Secondly, in the heightened risk scenario, we layer in a financial shock similar to that which took place at the time of the sovereign debt crisis a decade ago. We assume that financial fragmentation would halt eurozone capital flows in the next few months, with two implications. Firstly, the risk premium would climb to similar levels to those registered in 2011, i.e., close to 300 basis points (virtually three times the risk premium currently observed in the markets). Secondly, the private sector would face a credit crunch, which would push Spain’s households from a net borrowing position to equilibrium. Conversely, the corporate sectors’ current financing surplus would cushion the blow of a credit crunch.

The materialisation of these assumptions is improbable on account of the magnitude of the shocks modelled and the likelihood of them all happening simultaneously. As a result, the probability ascribed to the heightened-risk scenario is less than 5%.

In this weakened environment, the Spanish economy would enter recession in 2019, due to the collapse in domestic demand. Private consumption -the variable with the greatest weight in GDP- would contract as a result of the credit crunch, prompting a sharp increase in household savings (Table 3). Indeed, the household savings rate is forecast to increase by one full percentage point to 5.5%. The freeze in credit, coupled with higher interest rates, would also affect residential investment. On the other hand, investment in capital goods would manage the shock better, thanks to the corporate sector’s healthy financial situation. The downturn in international markets would take a toll on exports, which would grow by just 1.4%, similar to the rate observed in 2012 at the height of the crisis. However, in line with the predicted contraction in domestic demand and historical elasticities, imports would also decline. Consequently, trade would provide a positive net contribution to growth.

Following the initial adjustment in the face of shocks, consumer spending would stabilise in 2020. It would then embark on a slight recovery in 2021 as credit restrictions are gradually rolled back and precautionary savings diminish. Keeping with the recovery in the European economy, the slowdown in exports would level off in 2020, seeing further improvements in 2021. As a result, investment would start to rebound that year. Overall, GDP would stabilise in 2020 and register modest growth in 2021.

Bearing in mind the assumption that fiscal policy would remain neutral, the public deficit would edge towards 5% of GDP in 2021 under the heightened-risk scenario. The result would be an increase in public debt over the entire projection period, peaking at 105.7% of GDP, a record high (Exhibit 2A).
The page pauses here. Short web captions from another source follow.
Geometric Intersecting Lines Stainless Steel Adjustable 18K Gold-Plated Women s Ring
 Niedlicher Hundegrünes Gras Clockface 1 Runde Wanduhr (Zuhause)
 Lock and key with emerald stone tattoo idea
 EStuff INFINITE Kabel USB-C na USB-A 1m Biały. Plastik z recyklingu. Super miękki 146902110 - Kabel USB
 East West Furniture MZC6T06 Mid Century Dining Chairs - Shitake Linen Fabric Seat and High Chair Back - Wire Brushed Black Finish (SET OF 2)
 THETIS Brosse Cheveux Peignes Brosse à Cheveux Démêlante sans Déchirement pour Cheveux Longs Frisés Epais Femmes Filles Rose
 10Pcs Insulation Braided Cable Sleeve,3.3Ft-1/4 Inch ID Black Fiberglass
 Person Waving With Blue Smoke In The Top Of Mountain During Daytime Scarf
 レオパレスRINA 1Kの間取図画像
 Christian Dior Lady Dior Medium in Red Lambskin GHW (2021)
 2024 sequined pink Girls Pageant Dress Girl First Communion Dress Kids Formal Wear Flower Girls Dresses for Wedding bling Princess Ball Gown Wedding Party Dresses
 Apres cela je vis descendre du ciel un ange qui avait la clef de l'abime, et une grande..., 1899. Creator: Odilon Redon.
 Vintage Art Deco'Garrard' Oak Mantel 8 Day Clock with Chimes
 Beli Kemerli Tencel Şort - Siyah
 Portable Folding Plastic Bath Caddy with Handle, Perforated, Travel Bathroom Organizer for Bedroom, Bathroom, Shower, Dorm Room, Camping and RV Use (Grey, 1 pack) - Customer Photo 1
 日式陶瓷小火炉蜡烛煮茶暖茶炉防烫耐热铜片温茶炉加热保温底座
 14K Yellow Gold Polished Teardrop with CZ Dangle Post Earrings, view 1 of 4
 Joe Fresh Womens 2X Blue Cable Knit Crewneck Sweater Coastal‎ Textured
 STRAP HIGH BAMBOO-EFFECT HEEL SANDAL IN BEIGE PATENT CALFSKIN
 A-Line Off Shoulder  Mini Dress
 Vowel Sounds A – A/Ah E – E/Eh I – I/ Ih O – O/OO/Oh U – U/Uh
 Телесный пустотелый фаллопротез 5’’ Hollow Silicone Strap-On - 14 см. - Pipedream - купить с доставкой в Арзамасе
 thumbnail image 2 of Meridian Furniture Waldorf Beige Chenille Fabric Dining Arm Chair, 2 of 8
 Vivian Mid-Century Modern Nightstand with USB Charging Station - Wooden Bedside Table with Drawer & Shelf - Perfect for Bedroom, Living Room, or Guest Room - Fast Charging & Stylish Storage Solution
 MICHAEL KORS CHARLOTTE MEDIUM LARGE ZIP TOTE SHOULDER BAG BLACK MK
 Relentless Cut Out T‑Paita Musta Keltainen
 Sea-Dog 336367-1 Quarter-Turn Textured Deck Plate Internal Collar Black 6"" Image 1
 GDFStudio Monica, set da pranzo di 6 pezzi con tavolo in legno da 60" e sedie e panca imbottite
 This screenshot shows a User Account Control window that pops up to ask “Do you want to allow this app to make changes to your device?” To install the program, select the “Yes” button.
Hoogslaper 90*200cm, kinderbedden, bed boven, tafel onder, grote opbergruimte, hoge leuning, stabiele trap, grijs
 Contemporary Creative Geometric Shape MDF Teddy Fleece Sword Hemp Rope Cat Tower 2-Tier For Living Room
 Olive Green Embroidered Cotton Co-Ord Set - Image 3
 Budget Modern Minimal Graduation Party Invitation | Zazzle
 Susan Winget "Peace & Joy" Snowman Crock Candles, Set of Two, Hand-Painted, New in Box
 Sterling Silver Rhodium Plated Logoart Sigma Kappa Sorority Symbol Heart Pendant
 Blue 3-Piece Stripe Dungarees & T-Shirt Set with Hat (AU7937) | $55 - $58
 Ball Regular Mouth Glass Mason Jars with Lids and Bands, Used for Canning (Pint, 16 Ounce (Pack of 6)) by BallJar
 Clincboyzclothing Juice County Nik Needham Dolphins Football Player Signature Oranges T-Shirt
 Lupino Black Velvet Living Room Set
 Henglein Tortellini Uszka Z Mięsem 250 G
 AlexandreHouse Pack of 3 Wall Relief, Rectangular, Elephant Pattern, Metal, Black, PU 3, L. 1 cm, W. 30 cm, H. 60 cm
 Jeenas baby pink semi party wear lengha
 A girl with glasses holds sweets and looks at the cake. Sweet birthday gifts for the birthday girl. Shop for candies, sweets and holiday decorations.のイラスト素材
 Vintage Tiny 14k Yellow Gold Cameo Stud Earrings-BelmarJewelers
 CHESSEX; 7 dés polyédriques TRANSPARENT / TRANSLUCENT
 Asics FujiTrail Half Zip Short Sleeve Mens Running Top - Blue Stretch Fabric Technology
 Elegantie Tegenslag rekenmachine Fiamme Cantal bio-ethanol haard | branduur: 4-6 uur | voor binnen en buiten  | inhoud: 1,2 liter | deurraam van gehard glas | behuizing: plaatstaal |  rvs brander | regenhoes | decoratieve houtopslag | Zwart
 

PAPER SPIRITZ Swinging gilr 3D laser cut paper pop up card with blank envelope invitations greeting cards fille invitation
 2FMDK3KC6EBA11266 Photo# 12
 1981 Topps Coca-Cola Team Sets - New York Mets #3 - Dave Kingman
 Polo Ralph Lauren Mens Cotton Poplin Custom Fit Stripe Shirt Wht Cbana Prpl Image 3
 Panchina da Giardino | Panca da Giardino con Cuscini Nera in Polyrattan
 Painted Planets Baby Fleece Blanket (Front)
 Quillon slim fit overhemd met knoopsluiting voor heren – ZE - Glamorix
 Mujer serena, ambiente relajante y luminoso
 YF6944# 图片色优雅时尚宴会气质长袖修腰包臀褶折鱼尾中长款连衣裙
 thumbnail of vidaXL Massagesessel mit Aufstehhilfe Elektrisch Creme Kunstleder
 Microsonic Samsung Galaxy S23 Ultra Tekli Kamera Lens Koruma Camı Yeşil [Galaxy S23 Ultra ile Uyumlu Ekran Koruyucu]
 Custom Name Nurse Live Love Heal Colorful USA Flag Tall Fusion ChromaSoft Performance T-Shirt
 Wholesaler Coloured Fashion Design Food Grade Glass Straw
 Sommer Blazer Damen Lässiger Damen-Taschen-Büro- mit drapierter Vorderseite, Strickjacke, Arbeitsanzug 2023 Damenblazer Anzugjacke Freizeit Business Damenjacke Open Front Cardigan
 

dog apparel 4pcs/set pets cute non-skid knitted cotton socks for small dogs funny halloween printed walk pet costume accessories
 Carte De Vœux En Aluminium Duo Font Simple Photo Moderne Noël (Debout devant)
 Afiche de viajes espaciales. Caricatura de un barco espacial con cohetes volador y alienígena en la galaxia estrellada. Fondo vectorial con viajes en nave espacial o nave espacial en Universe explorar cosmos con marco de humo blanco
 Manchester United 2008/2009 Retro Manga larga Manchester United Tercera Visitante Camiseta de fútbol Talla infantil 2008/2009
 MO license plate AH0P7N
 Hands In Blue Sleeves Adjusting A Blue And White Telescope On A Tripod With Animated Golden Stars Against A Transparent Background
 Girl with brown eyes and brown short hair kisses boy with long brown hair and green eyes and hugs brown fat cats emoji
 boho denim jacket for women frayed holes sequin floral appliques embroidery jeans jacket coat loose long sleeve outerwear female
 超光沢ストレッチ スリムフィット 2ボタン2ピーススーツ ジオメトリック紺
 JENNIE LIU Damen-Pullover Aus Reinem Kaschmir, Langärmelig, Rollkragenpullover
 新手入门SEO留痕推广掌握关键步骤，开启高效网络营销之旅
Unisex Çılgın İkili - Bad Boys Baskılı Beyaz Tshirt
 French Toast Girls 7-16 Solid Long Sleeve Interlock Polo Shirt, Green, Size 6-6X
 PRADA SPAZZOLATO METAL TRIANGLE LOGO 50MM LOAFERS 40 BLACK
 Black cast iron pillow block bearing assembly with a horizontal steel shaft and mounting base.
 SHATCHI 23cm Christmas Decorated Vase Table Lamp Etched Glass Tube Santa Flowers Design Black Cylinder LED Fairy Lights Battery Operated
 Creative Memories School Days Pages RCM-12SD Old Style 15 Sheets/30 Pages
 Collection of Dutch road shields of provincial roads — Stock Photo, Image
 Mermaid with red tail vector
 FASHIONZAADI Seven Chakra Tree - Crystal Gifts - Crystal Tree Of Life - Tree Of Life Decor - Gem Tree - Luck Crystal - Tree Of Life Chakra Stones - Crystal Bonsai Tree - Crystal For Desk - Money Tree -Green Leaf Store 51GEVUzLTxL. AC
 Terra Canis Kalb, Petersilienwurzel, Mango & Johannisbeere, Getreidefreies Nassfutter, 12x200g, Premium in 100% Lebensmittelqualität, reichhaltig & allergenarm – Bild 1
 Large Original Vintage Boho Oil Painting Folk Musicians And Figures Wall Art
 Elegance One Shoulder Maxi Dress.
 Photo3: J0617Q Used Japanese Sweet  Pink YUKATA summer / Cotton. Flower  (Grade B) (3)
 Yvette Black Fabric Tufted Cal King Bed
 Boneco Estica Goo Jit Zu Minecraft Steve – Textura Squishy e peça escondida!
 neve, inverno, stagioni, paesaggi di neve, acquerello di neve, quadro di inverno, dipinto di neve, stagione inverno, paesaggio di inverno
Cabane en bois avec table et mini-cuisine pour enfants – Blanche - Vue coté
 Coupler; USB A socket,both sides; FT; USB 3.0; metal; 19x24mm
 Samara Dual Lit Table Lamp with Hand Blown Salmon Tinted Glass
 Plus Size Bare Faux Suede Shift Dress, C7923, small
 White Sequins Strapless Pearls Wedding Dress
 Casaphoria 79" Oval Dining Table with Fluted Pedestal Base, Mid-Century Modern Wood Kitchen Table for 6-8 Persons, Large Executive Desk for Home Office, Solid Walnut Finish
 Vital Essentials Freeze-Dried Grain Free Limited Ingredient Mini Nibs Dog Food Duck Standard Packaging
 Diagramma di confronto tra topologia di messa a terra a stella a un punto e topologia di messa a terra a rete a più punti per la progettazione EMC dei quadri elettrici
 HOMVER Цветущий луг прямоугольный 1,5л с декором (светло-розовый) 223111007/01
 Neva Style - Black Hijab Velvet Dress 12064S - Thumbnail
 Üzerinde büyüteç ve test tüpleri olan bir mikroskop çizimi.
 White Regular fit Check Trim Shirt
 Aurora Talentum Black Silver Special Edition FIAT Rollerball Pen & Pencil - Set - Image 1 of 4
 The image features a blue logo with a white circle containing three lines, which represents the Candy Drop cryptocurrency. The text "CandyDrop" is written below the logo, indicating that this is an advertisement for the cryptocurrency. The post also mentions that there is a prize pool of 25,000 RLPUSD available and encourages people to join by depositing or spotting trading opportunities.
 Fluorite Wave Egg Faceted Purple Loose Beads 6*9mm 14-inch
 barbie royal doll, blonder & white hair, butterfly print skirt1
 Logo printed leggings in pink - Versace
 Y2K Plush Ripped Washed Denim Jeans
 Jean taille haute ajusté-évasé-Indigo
The recession would also take a toll on the job market. A net 215,000 jobs would be lost between 2019 and 2020 and only two-thirds of those jobs would be recovered in 2021, so that the unemployment rate would stand at 16% (Exhibit 2B). Though high, the unemployment rate would be nearly ten percentage points below the peak recorded in the aftermath of the crisis.

In short, even assuming the highly adverse shocks of this scenario, the Spanish economy would fare much better than it did during the midpoint of the last crisis. That is because of two factors:

  • Fewer jobs would be lost in the Spanish economy than during the sovereign debt crisis. That event coincided with the bursting of the real estate bubble, which in turn triggered a major correction in the construction sector. This dynamic is responsible for much of the job losses during the crisis, while the rise in the risk premium compounded the trend. The spike in unemployment also made households more cautious. Out of a fear that they would lose their jobs, many families reduced their spending, thereby exacerbating the recession. The current situation is different as there are no clear signs of a bubble and credit does not appear to be propping up present employment levels in any sector. As a result, a financial shock would have a similar impact to that of an ordinary recession. Thus, in the heightened-risk scenario, employment would move broadly in line with GDP, as suggested by the elasticities associated with a ‘bubble-free’ recession. This means fewer jobs would disappear than in the sovereign debt crisis. Additionally, labour productivity would increase at an annual rate of close to 0.5% over the forecasting horizon, roughly four times less than during the crisis.
  • The private sector is also in a stronger financial position than during the sovereign debt crisis. At the end of 2018, Spain’s non-financial enterprises had reduced their debt levels by no less than 320 billion euros, compared to 2010. As a result, an interest rate shock would have a significantly smaller impact than that observed a decade ago. Faced with a shock of a similar magnitude, Spain’s enterprises would economise almost 25 billion euros in interest expenses, allowing them to navigate the recession with comparatively less difficulty than in the previous downturn. In addition, Spain’s households, having deleveraged (albeit by less than in the case of enterprises), would save around 10 billion euros in interest expenses. Lastly, Spanish financial institutions are also in a relatively healthier position in terms of exposure to non-performing loans, capital ratios and liquidity.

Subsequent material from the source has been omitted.